TASK INPUTS:
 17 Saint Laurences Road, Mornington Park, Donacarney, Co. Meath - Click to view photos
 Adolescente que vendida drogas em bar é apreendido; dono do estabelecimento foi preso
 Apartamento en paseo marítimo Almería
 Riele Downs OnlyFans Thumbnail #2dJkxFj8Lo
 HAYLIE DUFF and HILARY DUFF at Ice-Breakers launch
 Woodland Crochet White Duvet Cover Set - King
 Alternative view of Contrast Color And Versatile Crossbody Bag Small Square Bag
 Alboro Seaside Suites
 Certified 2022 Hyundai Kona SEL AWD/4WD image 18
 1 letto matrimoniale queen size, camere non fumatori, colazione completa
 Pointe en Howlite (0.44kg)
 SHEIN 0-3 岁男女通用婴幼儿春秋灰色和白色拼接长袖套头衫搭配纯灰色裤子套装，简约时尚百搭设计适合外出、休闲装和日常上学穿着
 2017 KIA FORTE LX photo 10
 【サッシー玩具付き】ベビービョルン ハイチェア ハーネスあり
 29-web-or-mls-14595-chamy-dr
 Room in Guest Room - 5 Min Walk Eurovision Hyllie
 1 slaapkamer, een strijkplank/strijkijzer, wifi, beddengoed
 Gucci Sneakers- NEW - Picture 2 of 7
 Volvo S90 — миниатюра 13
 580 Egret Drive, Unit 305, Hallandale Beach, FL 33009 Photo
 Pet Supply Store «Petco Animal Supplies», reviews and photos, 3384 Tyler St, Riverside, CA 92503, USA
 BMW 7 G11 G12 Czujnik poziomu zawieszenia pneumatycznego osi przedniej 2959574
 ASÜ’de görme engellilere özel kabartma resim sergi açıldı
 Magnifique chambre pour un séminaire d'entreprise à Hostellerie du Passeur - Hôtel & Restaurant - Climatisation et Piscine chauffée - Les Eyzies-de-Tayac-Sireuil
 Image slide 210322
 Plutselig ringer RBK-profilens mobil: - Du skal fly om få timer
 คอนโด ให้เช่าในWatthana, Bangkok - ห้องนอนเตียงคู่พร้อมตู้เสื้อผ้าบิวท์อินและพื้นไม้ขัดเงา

ASSIGNMENT: The entries above hold the needed span. Transcribe exactly the lines from the one with "Room in Guest" to the one with "Magnifique chambre pour", both included.

OUTPUT:
 Room in Guest Room - 5 Min Walk Eurovision Hyllie
 1 slaapkamer, een strijkplank/strijkijzer, wifi, beddengoed
 Gucci Sneakers- NEW - Picture 2 of 7
 Volvo S90 — миниатюра 13
 580 Egret Drive, Unit 305, Hallandale Beach, FL 33009 Photo
 Pet Supply Store «Petco Animal Supplies», reviews and photos, 3384 Tyler St, Riverside, CA 92503, USA
 BMW 7 G11 G12 Czujnik poziomu zawieszenia pneumatycznego osi przedniej 2959574
 ASÜ’de görme engellilere özel kabartma resim sergi açıldı
 Magnifique chambre pour un séminaire d'entreprise à Hostellerie du Passeur - Hôtel & Restaurant - Climatisation et Piscine chauffée - Les Eyzies-de-Tayac-Sireuil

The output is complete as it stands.